What this task involves: Of the entries below, return exactly those lines that fall between the one containing "Here you can" and the one containing "That's why we", the two end lines included.

:: Provided records ::

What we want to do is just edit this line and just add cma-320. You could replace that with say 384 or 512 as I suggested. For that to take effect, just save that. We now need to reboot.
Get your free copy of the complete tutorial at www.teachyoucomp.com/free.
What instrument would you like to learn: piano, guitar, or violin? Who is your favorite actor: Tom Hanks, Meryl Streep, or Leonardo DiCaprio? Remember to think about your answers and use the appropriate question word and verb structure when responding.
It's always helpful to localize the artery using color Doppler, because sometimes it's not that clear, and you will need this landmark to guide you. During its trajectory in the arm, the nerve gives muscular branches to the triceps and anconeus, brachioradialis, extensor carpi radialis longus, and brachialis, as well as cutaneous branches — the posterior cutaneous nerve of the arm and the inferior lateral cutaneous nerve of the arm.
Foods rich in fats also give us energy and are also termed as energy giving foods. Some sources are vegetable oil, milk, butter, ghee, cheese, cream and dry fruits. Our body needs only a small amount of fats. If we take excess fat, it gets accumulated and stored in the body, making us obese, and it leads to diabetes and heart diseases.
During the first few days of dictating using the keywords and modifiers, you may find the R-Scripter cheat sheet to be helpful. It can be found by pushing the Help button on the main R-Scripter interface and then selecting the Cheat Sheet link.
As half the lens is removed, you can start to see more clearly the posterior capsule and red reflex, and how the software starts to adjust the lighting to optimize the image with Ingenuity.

:::
:: Provided records ::

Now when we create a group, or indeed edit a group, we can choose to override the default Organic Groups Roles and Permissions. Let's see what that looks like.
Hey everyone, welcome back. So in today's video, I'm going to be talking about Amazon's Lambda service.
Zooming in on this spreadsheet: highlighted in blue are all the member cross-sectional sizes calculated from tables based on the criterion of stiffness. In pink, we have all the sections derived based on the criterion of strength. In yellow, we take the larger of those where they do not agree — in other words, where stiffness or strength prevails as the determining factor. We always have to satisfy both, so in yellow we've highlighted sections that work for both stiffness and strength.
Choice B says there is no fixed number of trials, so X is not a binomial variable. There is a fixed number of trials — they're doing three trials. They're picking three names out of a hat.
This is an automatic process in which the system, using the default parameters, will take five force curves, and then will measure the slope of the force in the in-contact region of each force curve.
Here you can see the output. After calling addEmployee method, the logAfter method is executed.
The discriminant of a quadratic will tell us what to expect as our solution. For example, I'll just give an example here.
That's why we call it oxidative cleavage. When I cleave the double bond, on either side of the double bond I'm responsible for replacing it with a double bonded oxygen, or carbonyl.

:::

Answer space:
Here you can see the output. After calling addEmployee method, the logAfter method is executed.
The discriminant of a quadratic will tell us what to expect as our solution. For example, I'll just give an example here.
That's why we call it oxidative cleavage. When I cleave the double bond, on either side of the double bond I'm responsible for replacing it with a double bonded oxygen, or carbonyl.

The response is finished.